Background information
- Origin: Jacksonville, Florida, United States
- Genres: Melodic hardcore
- Years active: 2004–2007
- Members: Dan McLintock Mark O'Quinn Tim Grisnik Damion Waters Eric Denton

= Sensei (band) =

Sensei was a five-piece melodic rock band from Jacksonville, Florida.

==History==
The idea was born in the summer of 2004 when guitarist Damion Waters and bassist Dan McLintock (also see: Inspection 12) began writing together for their then unnamed project. Following the conception of several songs, the two began recording ideas; slowly piecing guitar parts and vocal harmonies together on Damion's home computer. At the time, both members resided and attended college in separate cities, so meetings were few and far between. Five acoustic demos are known to exist from those early sessions.

Eventually, Dan and Damion enlisted the help of lifelong friend and drummer, Tim Grisnik (also see: Inspection 12); who was given the demos and began writing drums for the already existing songs. Following the addition of bassist, Jordan Pettingill, the line-up was finally complete, and the band was given its name. Appearing live for the first time in the fall of 2005, Sensei attracted immediate local attention, building an organic following of fans and friends. Around the same time, Dan, Damion, and Tim moved into a house together on the eastside of Jacksonville, enabling collaborative writing and convenient practices.

The next few months would prove somewhat dormant and discouraging. Though the band still performed occasionally, it became increasingly difficult to schedule practices and shows around Jordan, who was still attending college more than an hour outside of Jacksonville. Consequently, in the summer of 2006, the band felt it best to relinquish the bassist of his duties, allowing Jordan to focus on school as well as devote more time to his other musical endeavours.

Originally planning to try life as a three-piece, Sensei was pleasantly surprised with the chance addition of lead vocalist Mark O'Quinn and second guitarist, Eric Denton. Since solidifying the new roster, Sensei has progressed more than ever; boasting several completed songs. As for the future, the band plans to enter the studio and have music to share by the spring of 2007.

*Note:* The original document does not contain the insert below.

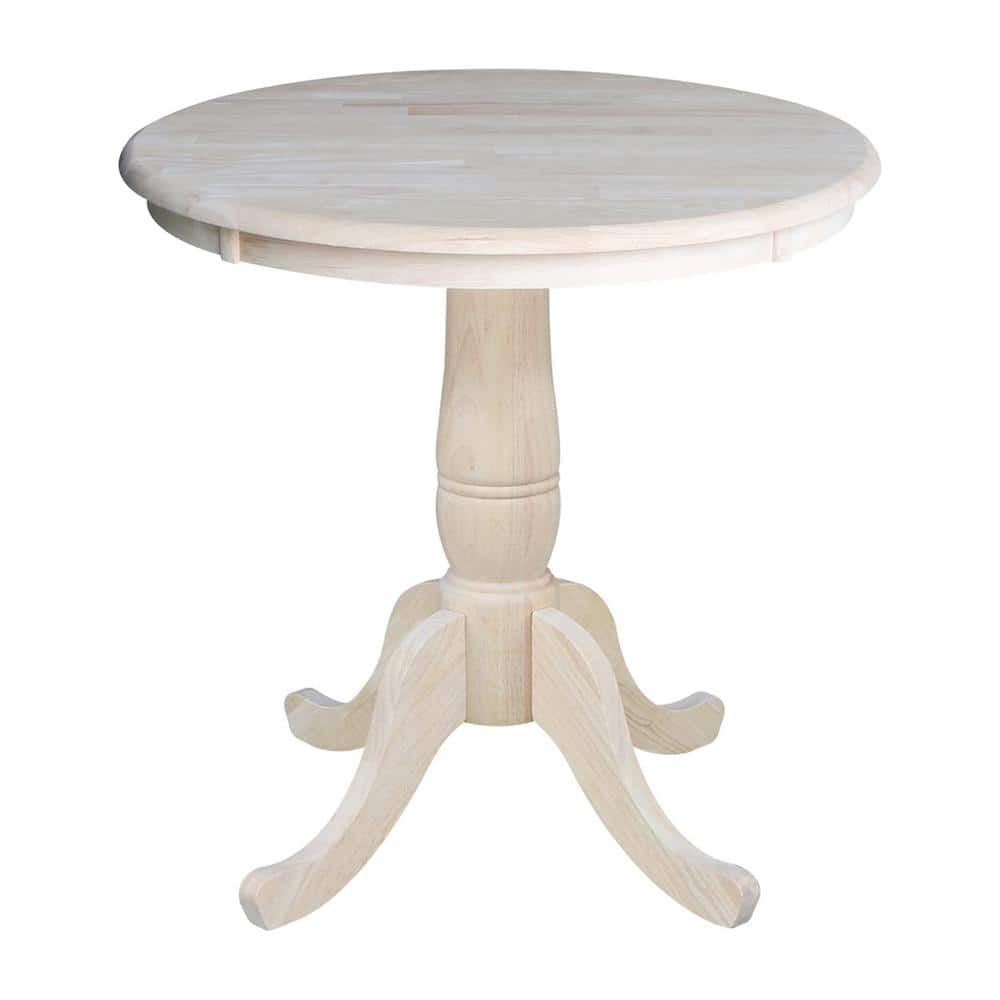 Farmhouse Charm 30" Round Wood Extendable Dining Table, Unfinished
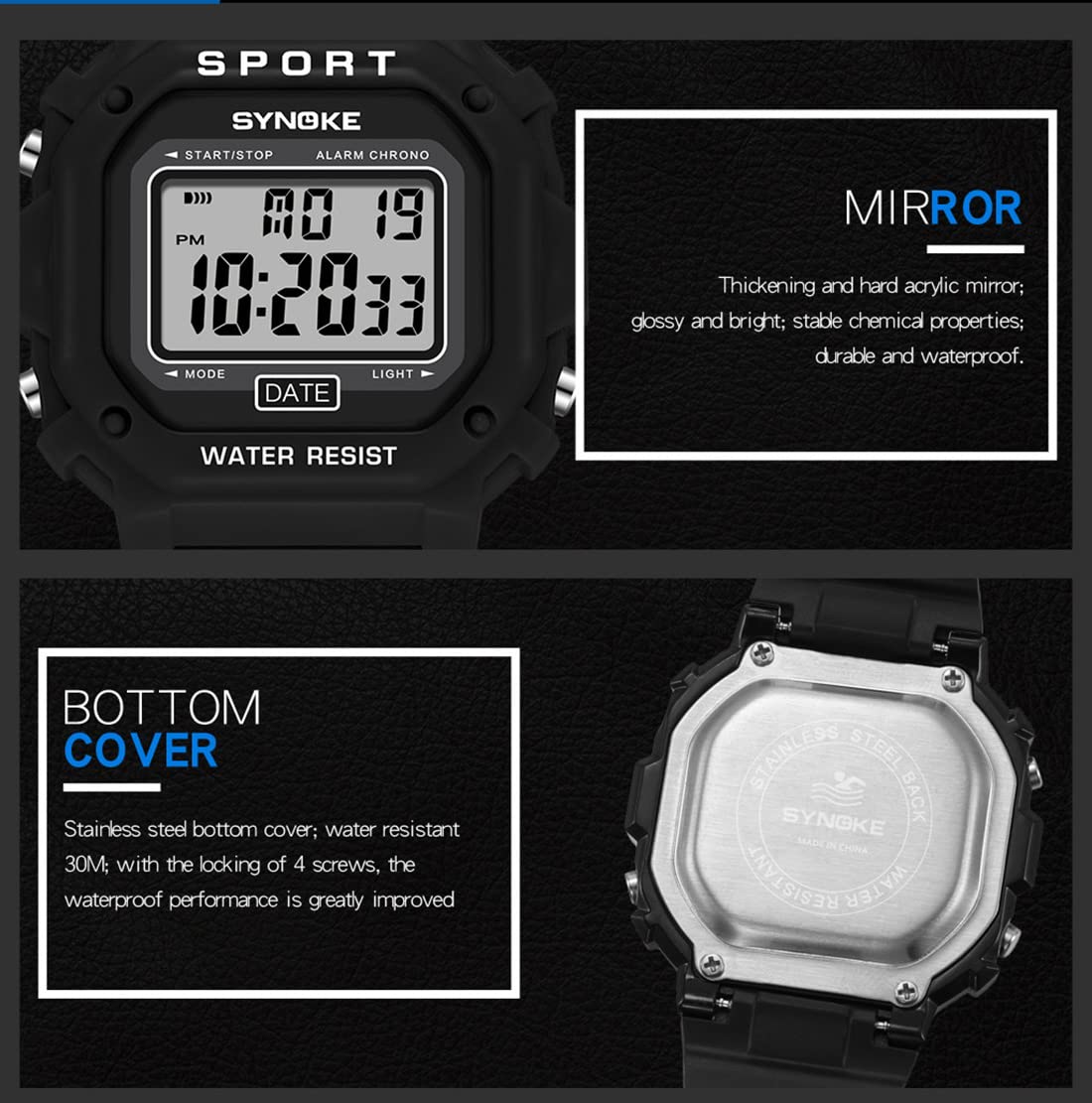 KINGNUOS Outdoor Sports Watches Unisex Digital Watch Couple Watches Men Women Waterproof LED Clock Square Electronic Student Wrist Watch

As of May 2007 Sensei has dissolved with most of its members pursuing different projects.

== Members ==

Sensei performing in 2006.

- Dan McLintock - Bass, vocals
- Tim Grisnik - Drums, percussion
- Damion Waters - Guitar, vocals
- Mark O'Quinn - Lead vocals
- Eric Denton - Guitar, vocals

== Other projects ==

- Dan McLintock was once a member of Takeover Records band, Craig's Brother as well as the former Honest Don's outfit, Limp.
- Dan McLintock and Tim Grisnik are both members of the once nationally touring band, Inspection 12, currently signed with Takeover Records, formally signed with Fat Wreck Chords. Other Inspection 12 members include Pete Mosely of Yellowcard and James Trimble, who is currently in medical school.
- Tim Grisnik also plays drums for The Softer Side.
- Mark O'Quinn was the lead singer/songwriter of former Jacksonville bands, Stalemate and Estelle.
- Eric Denton wrote and played guitar with Estelle.
- As of July 2007 Damion Waters is playing with The Lackawanna Carriage Works.
- As of September 2008 Dan McLintock, Tim Grisnik and Eric Denton have joined forces with Casey Teate to form The John Carver Band and have recorded two full-length albums (The John Carver Band 2008 & Everywhere is Home 2012) and one EP (Innocent Strategies 2017).